- Opening Delimiter -
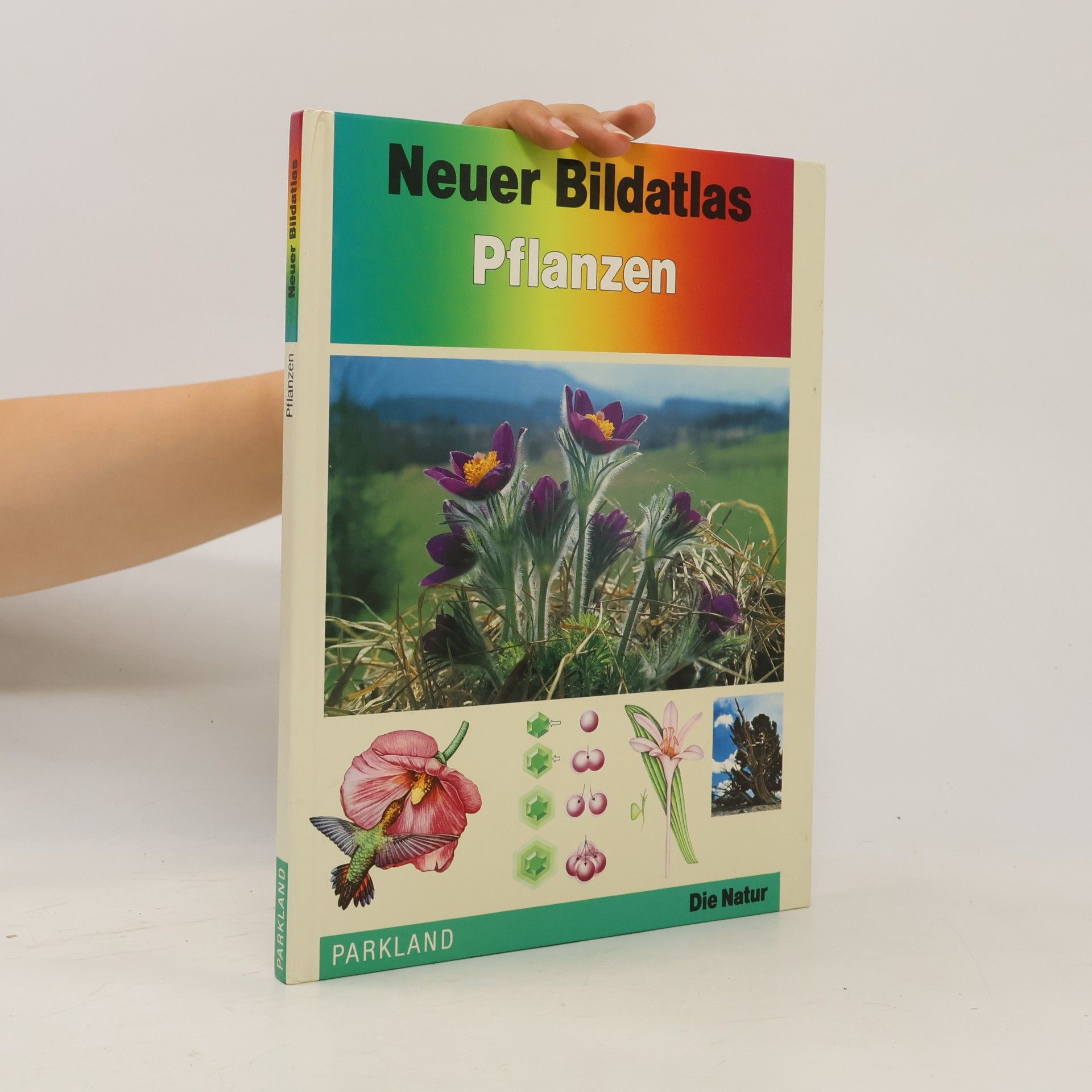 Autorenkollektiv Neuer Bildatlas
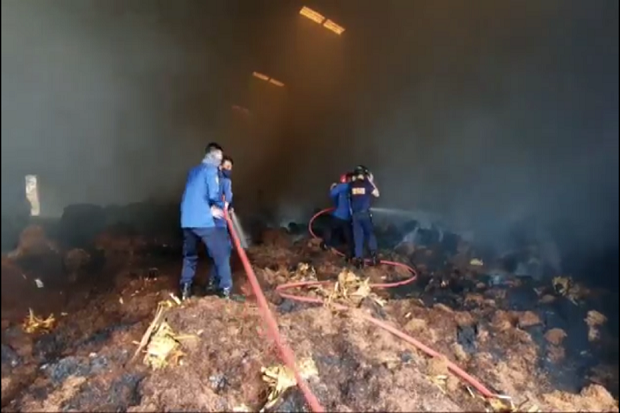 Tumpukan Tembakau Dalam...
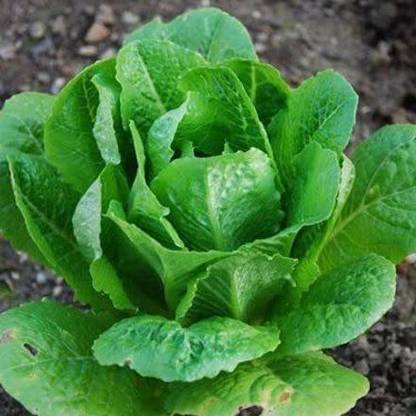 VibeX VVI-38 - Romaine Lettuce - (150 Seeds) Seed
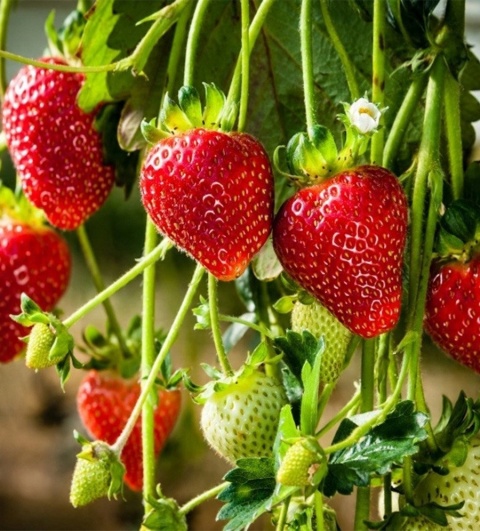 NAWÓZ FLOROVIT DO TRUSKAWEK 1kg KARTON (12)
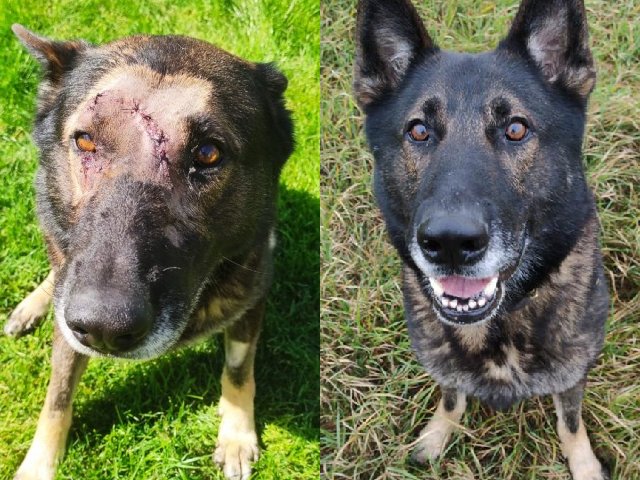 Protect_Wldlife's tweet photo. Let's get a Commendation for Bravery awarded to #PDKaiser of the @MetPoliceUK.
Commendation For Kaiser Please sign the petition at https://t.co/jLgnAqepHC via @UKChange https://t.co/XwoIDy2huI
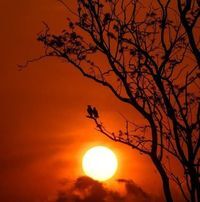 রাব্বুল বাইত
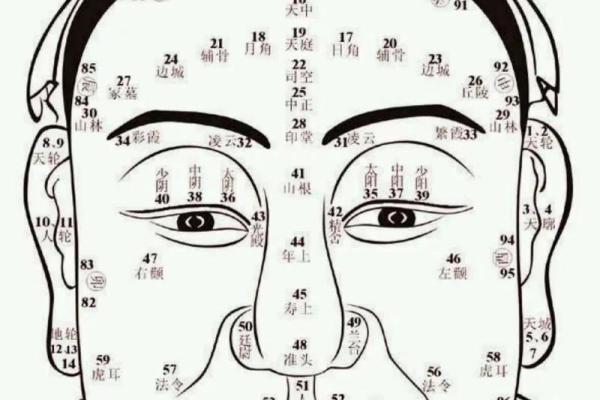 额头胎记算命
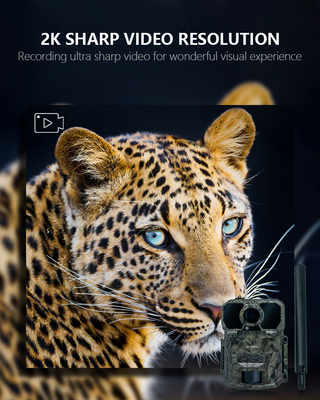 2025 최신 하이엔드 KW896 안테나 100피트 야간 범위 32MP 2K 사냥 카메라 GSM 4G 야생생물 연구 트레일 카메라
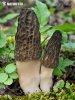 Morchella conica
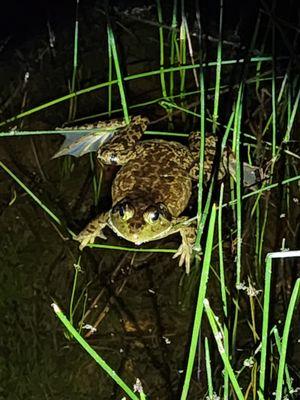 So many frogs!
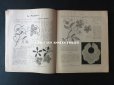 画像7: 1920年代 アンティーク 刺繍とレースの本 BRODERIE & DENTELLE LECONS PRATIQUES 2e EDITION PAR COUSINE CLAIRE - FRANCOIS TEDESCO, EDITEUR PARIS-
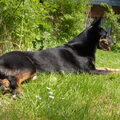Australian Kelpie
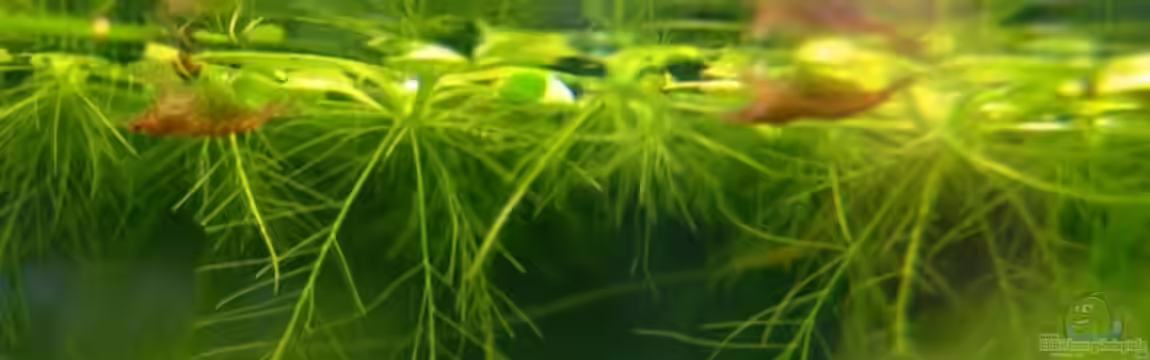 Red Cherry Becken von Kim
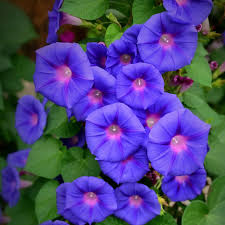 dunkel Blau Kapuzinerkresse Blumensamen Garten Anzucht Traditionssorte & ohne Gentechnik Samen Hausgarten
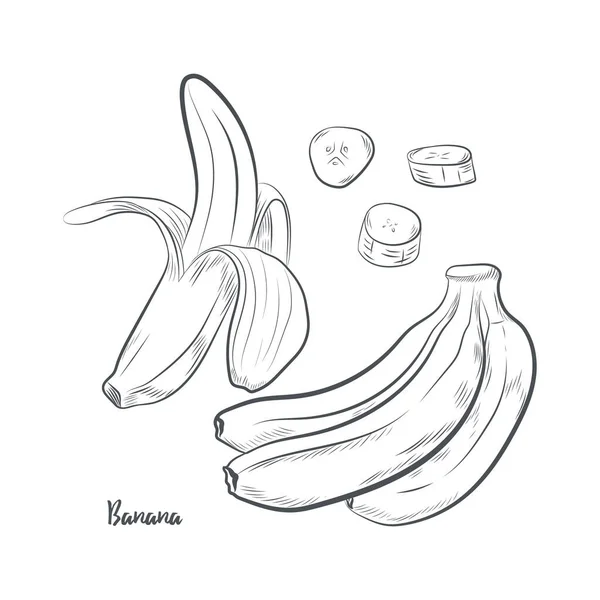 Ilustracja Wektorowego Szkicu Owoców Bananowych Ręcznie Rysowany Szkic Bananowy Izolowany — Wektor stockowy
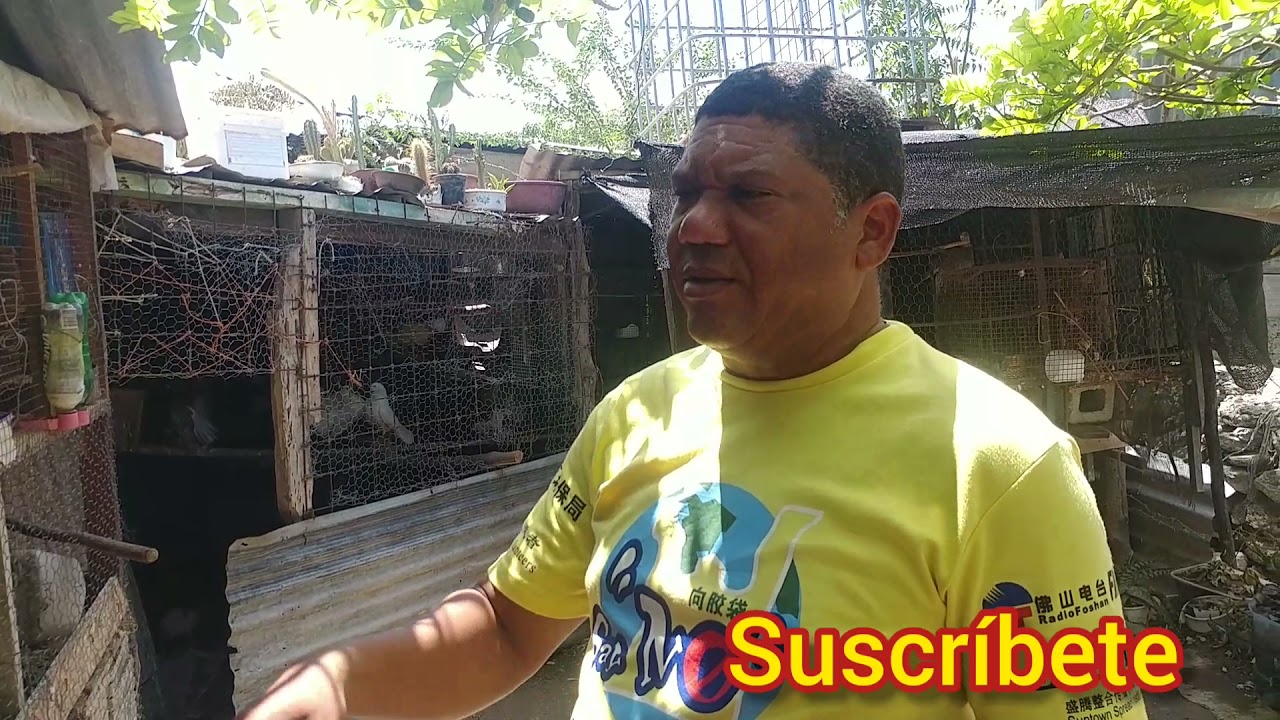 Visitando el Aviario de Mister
- Closing Delimiter -
Your answer must be the lines from the line containing "Red Cherry Becken von Kim" through the final line of the data, written out exactly, both ends included and pictures left out.

 Red Cherry Becken von Kim
 dunkel Blau Kapuzinerkresse Blumensamen Garten Anzucht Traditionssorte & ohne Gentechnik Samen Hausgarten
 Ilustracja Wektorowego Szkicu Owoców Bananowych Ręcznie Rysowany Szkic Bananowy Izolowany — Wektor stockowy
 Visitando el Aviario de Mister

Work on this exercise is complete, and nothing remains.